Asian Development Bank

Non-governmental organization providing funding and technical assistance throughout the Asian region.
Brief Overview

The Asian Development Bank, a multilateral development finance institution, was founded in 1966 by 31 member governments to promote the social and economic progress of the Asian and Pacific region. Over the past 31 years, the Bank's membership has grown to 57, of which 41 are from within the region and 16 from outside the region.

The Bank gives special attention to the needs of the smaller or less-developed countries and priority to regional, subregional, and national projects and programs.

The Bank's principal functions are (i) to extend loans and equity investments for the economic and social development of its developing member countries (DMCs); (ii) to provide technical assistance for the preparation and execution of development projects and programs, and for advisory services; (iii) to promote and facilitate investment of public and private capital for development purposes; and (iv) to respond to requests for assistance in coordinating development policies and plans of its DMCs.

Contact Information
Asian Development Bank
P.O. Box 789
Manila, Philippines
telephone: (632) 632-4444
fax: (632) 632-2444
e-mail: For a directory of contacts, please see:

Stated Goals
1. Promoting economic growth
2. Reducing poverty
3. Developing human resources
4. Improving the status of women
5. Protecting the environment.

The desirable project mix between social and economic development—adopted by the Bank for all of its public sector lending operations—is a 50:50 ratio; at least 50 percent of the total number of projects will have social or environmental objectives either as primary or secondary objectives; the remaining will support projects with economic growth as the primary objective. In terms of lending volume, the Bank's desirable lending mix is to have 40 percent of total public sector lending for projects with social or environmental objectives by the end of the decade.

Regions of Work
Areas of Work
The Bank's operations cover a wide spectrum of activities and have been classified according to the following sectors: (i) agriculture and natural resources, (ii) energy, (iii) industry and non-fuel minerals, (iv) finance, (v) transport and communications, (vi) social infrastructure, and combinations of some of the sectors (i) to (vi).
Examples of Upgrading Project
Project Selection Process

Before any project is identified for Bank financing, Bank staff review a country's economy, particularly its national and sectoral development programs, and determine the prospects for its success.
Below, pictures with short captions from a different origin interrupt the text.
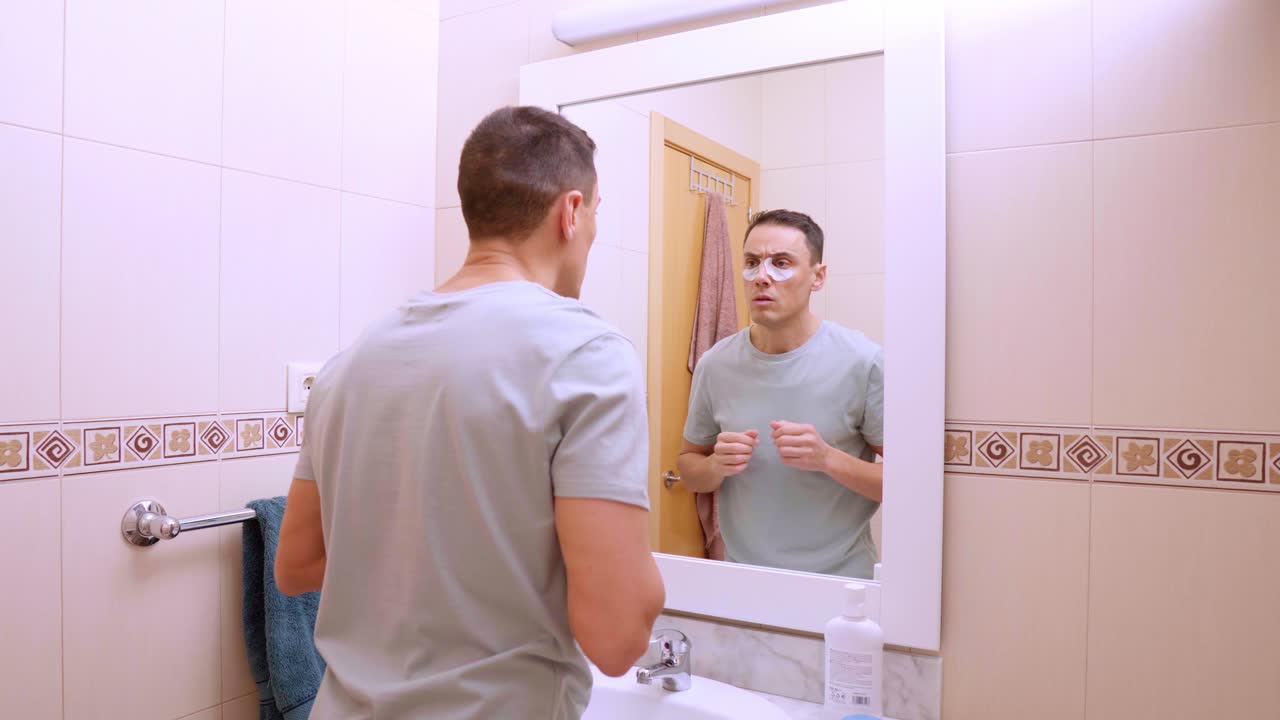 Man removing anti dark circles patches in bathroom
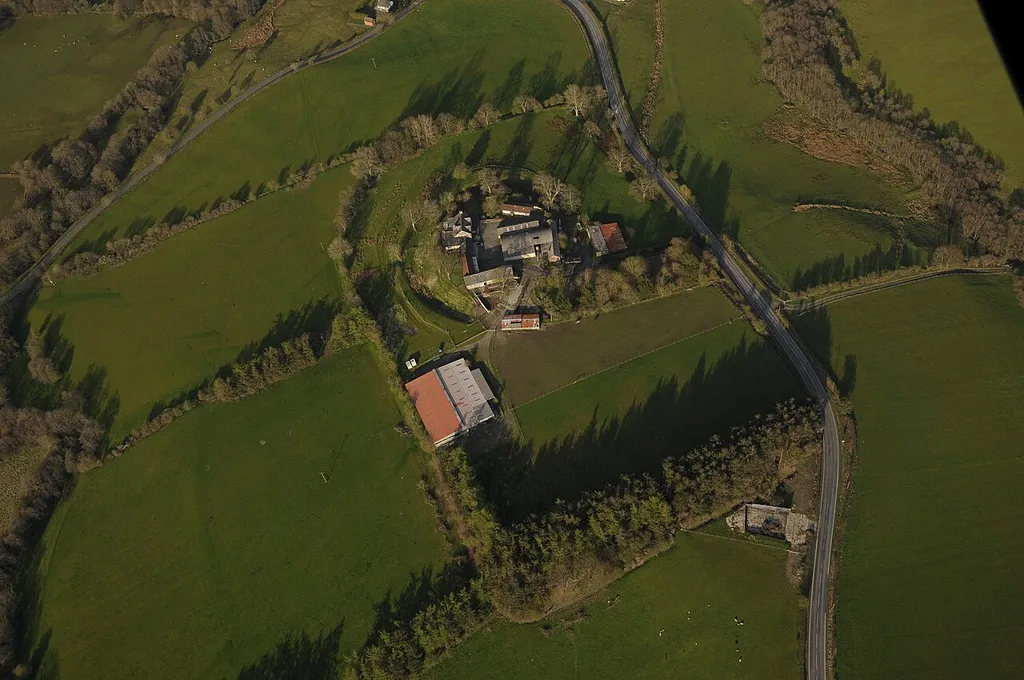 Colwyn Castle near Hundred House, Powys. The Roman Fort in which the later castle was built is clearly visible, as is the castle earthworks.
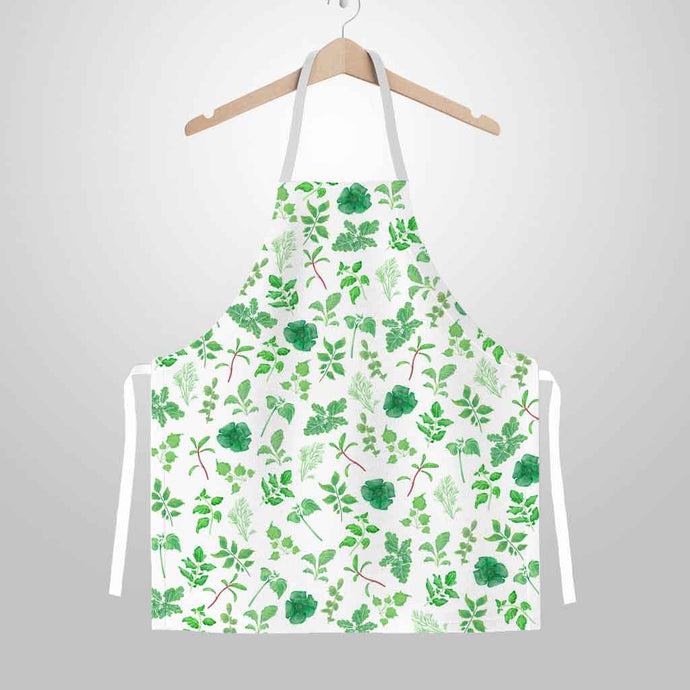 The Plant Lovers Apron, a white apron printed with a variety of garden plants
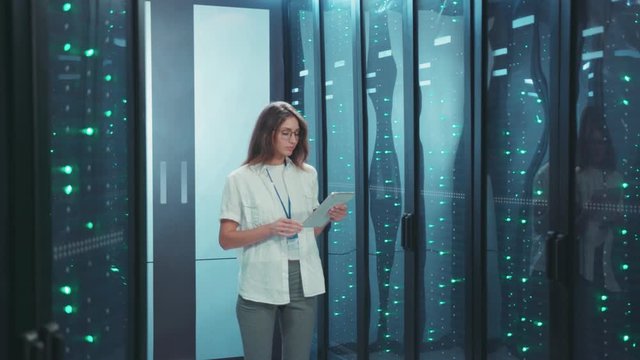 Smart female server engineer working with digital tablet at data center. Successful smiling woman administrator inspecting rack server computers in cyber security.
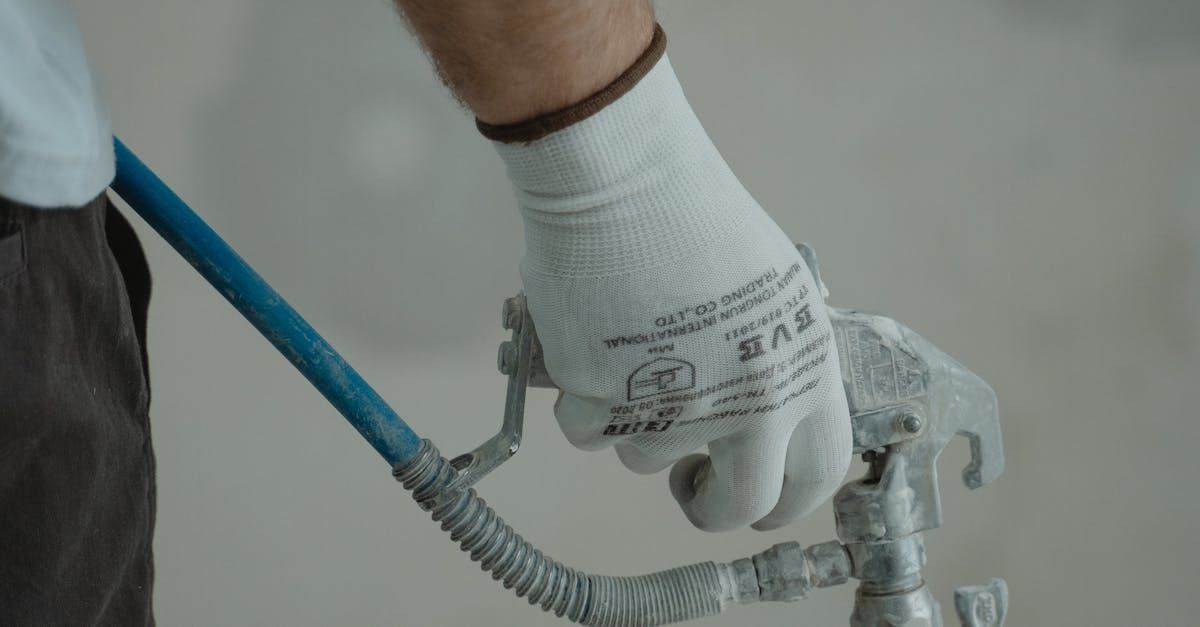 A man's hand holding a piece of plumbing equipment.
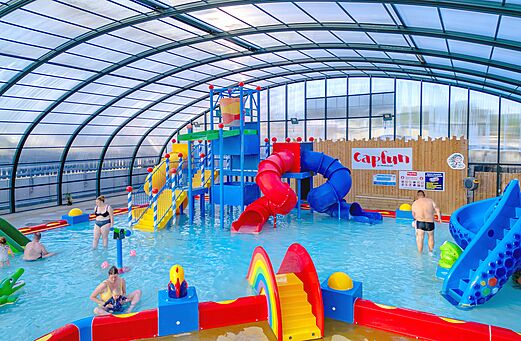 Indoor swimming pool with water slides and water games at CAPFUN Hirondelle campsite in Oteppe.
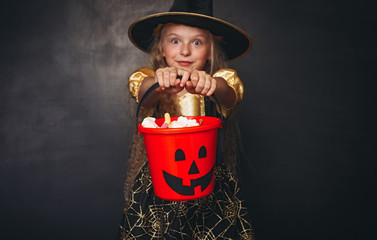 Amazed little witch with red pumpkin bucket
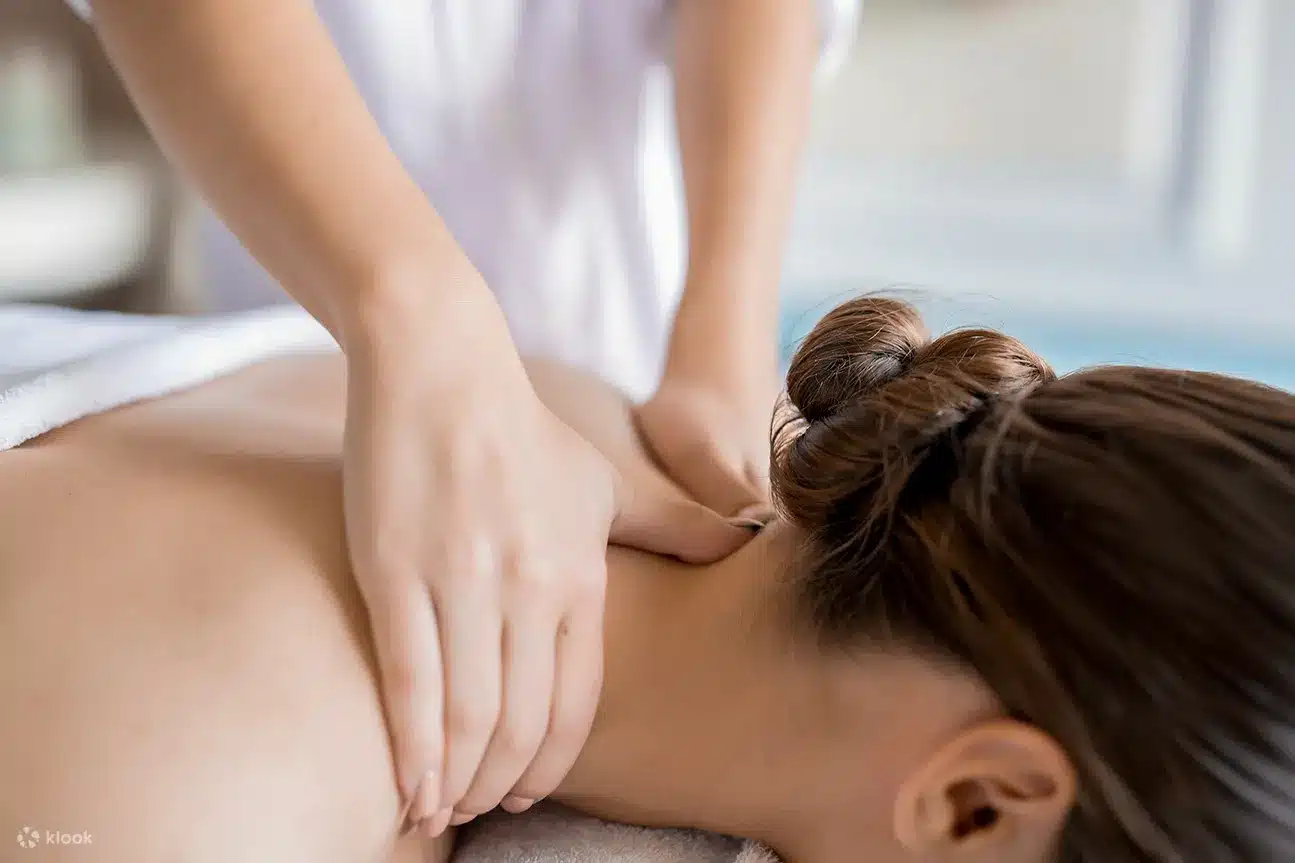 chiropractor giving patient a neck massage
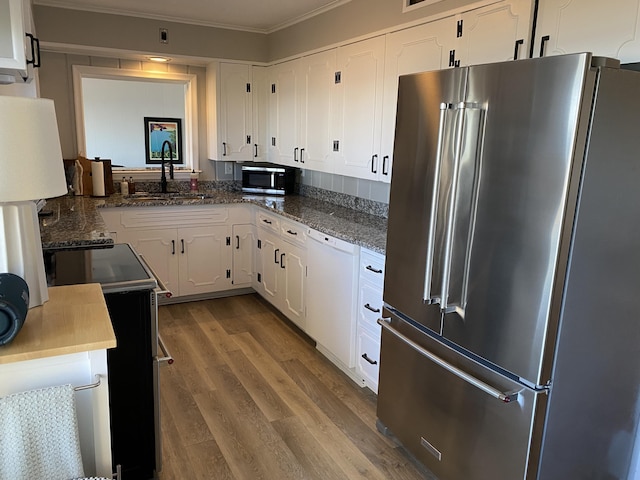 kitchen with dark wood-type flooring, ornamental molding, appliances with stainless steel finishes, white cabinetry, and a sink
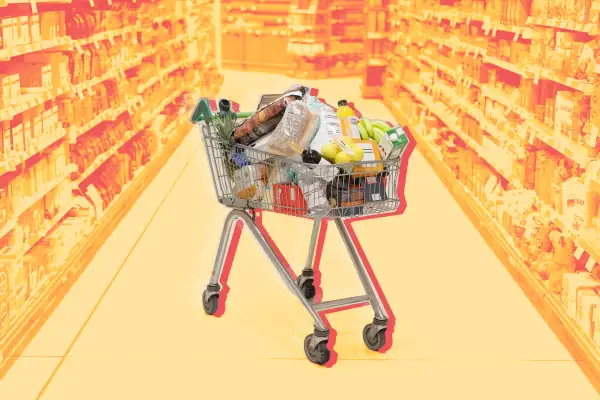 Full shopping cart in supermarket aisle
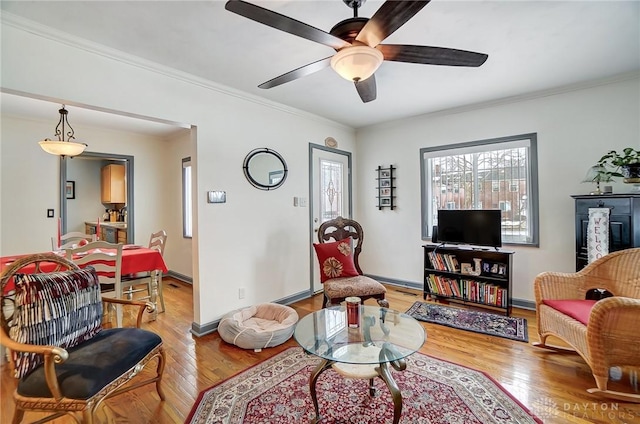 living room featuring light hardwood / wood-style flooring, ornamental molding, and ceiling fan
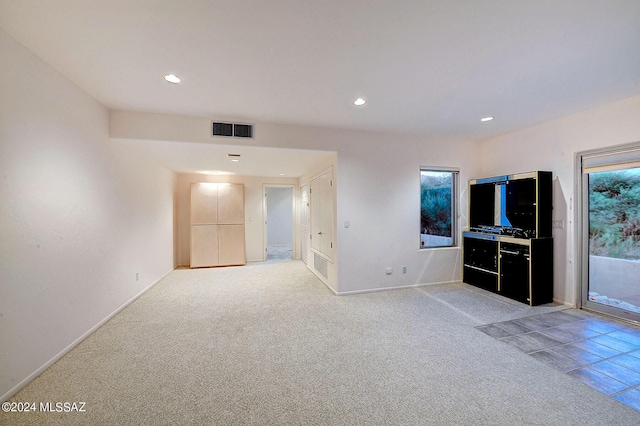 unfurnished living room with light carpet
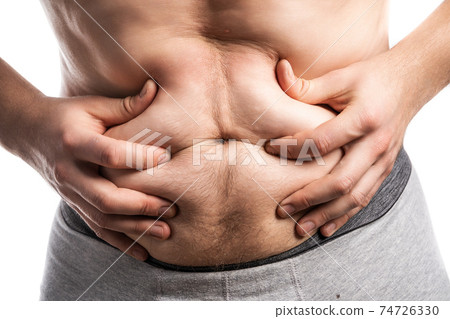 Male hands wrinkle a bulging plump belly Male hands wrinkle a bulging plump belly 74726330
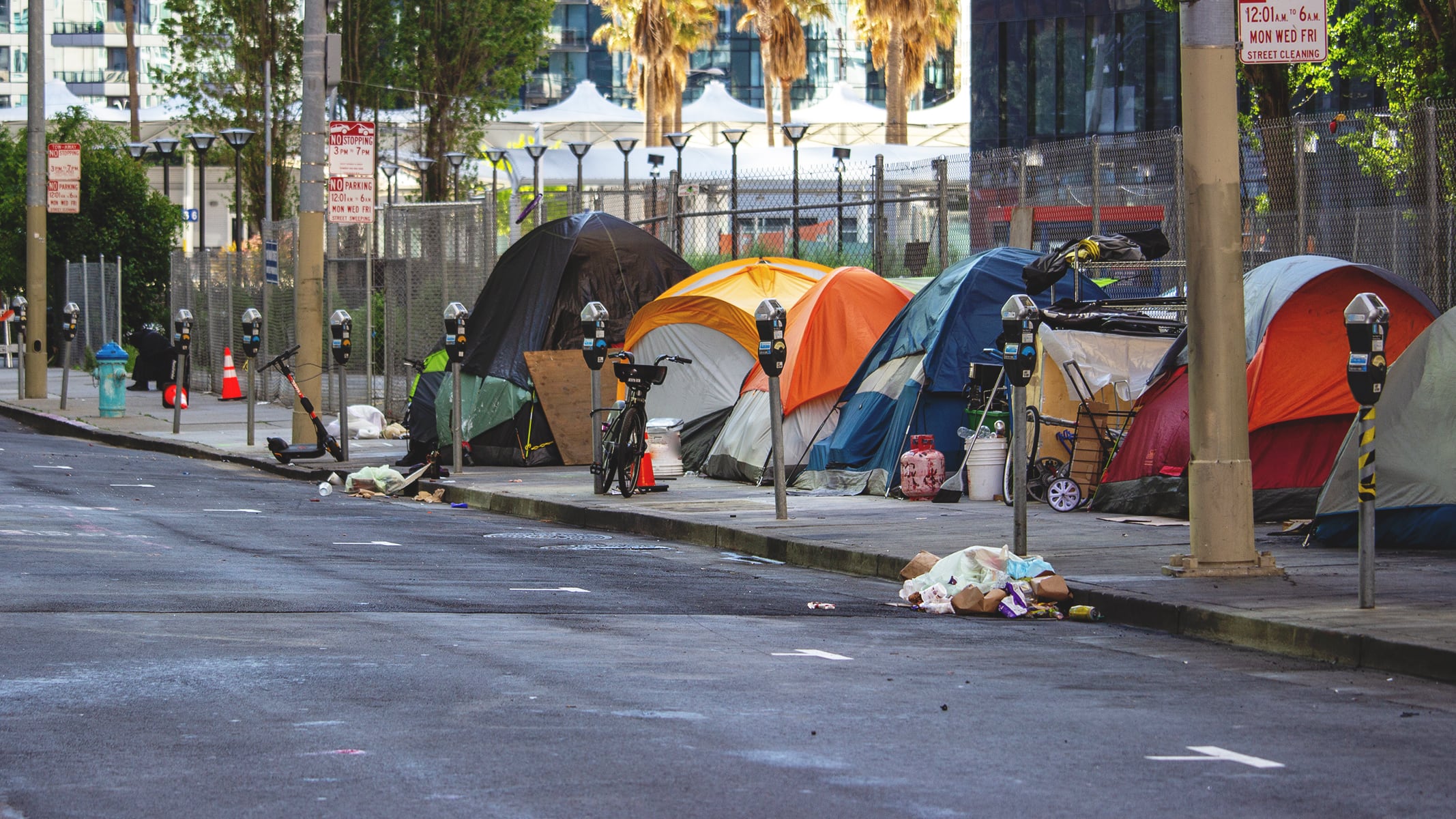 A homeless encampment along a city street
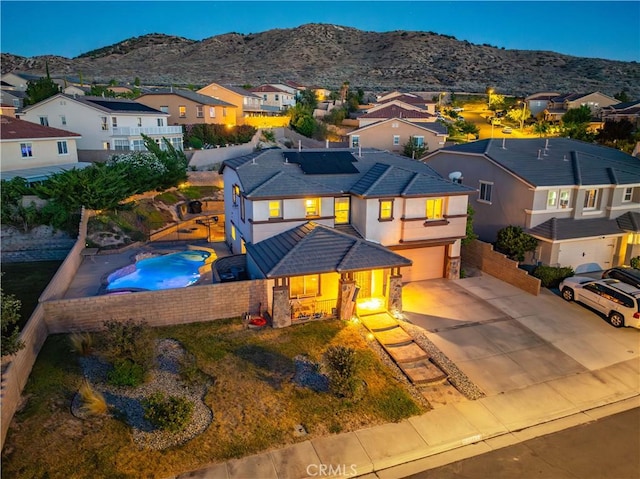 2322 Carolyn Dr, Palmdale, CA 93551 - view of front facade featuring an attached garage, a residential view, a mountain view, solar panels, and concrete driveway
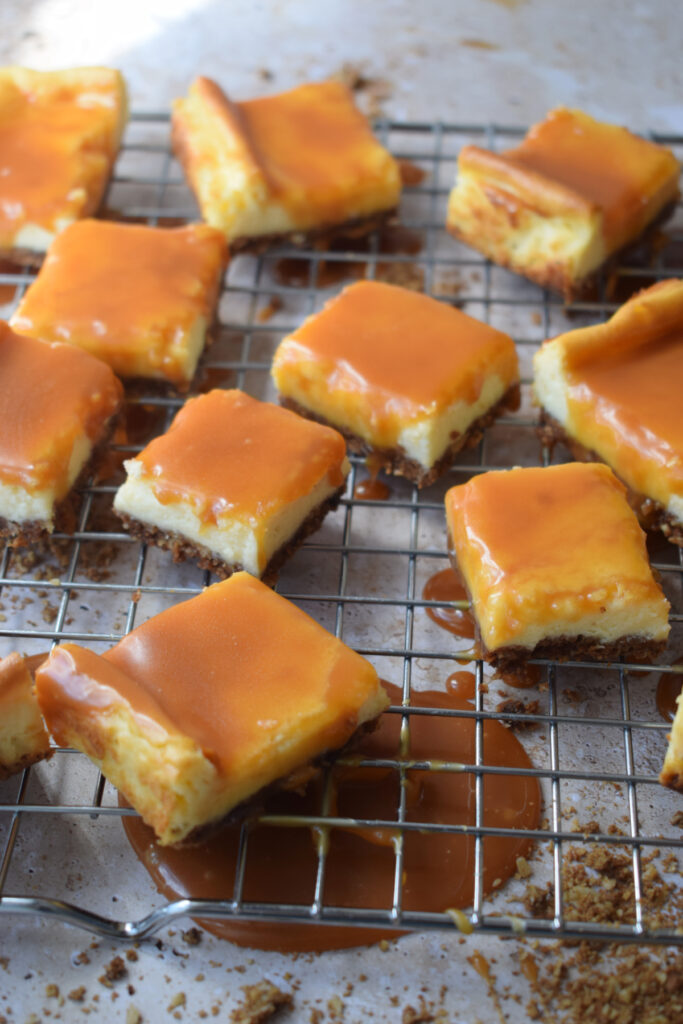 Caramel topped cheesecake squares on a rack.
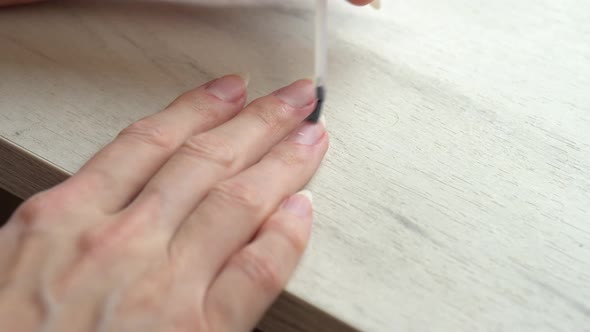 Applying a Base Coat Before Coating Nails with Nail Polish Self Manicure at Home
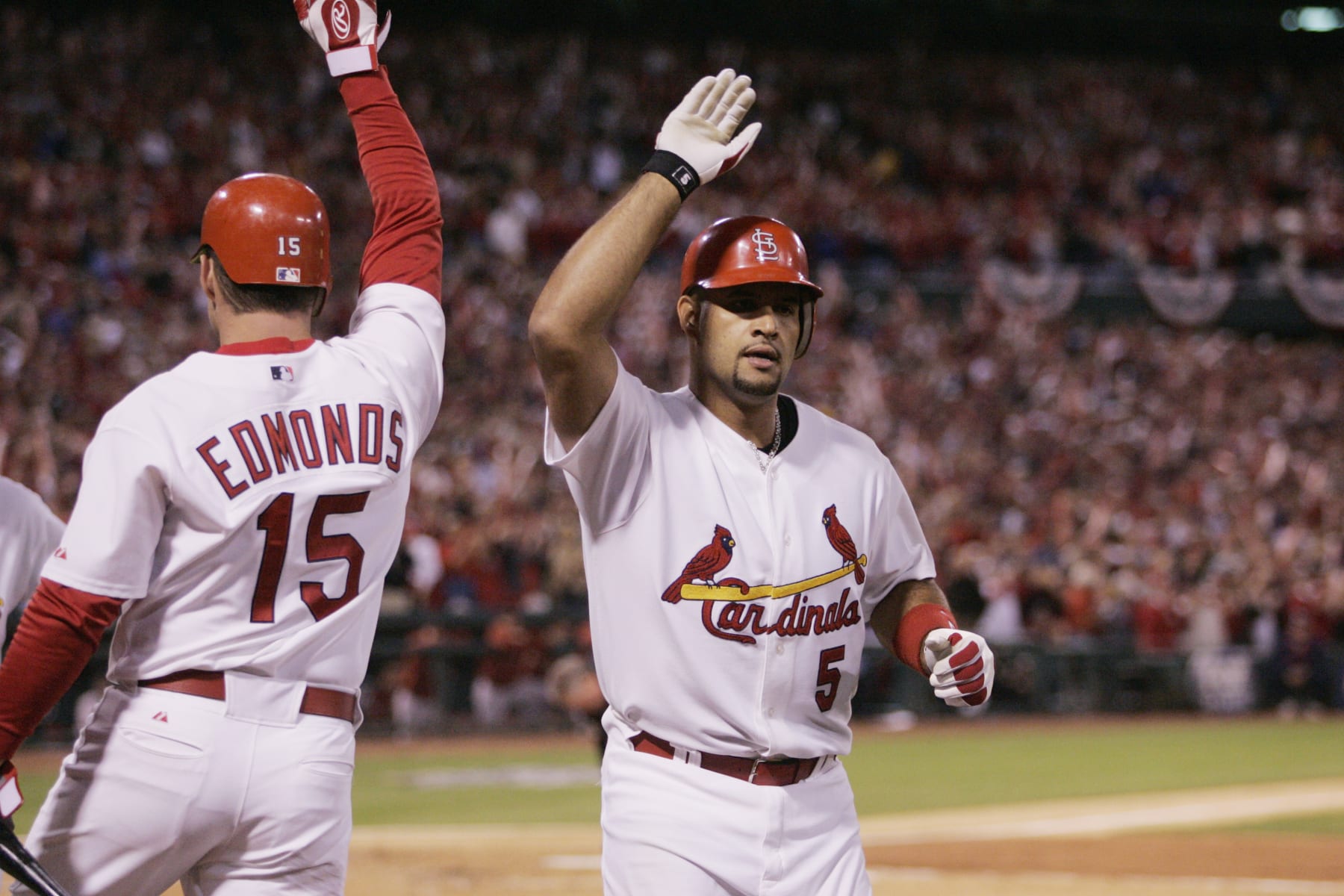 ST. LOUIS - OCTOBER 13:  Albert Pujols is congratulated by Jim Edmonds of the St. Louis Cardinals after hitting a home run during the first inning of game one of the NLCS against the Houston Astros at Busch Stadium on October 13, 2004 in St. Louis, Missouri. The Cards defeated the Astros 10-7. (Photo by Rich Pilling/MLB via Getty Images)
Country programming missions visit DMCs regularly to discuss topics of mutual interest with government officials and to select suitable projects for Bank assistance. Since the levels of economic growth, as well as the priorities for development, vary from one DMC to another, the Bank tries to select those projects that will contribute most effectively to the economic and social development of the country concerned, in conformity with the country and Bank-wide strategies. Once it is confirmed that investment in the project is justified, the Bank evaluates the project.

In responding to requests from member governments for loans, the Bank assesses the technical and economic viability, social impact, and financial soundness of projects and the way in which the projects fit into the economic framework and development priorities of the borrowing countries. Standards of accounting and project implementation are maintained. Most contracts are awarded on the basis of international competitive bidding, local competitive bidding, or international shopping, as appropriate. Projects are analyzed and executed and, where appropriate, external consultants are hired to ensure that high standards of performance are achieved throughout the life of the project.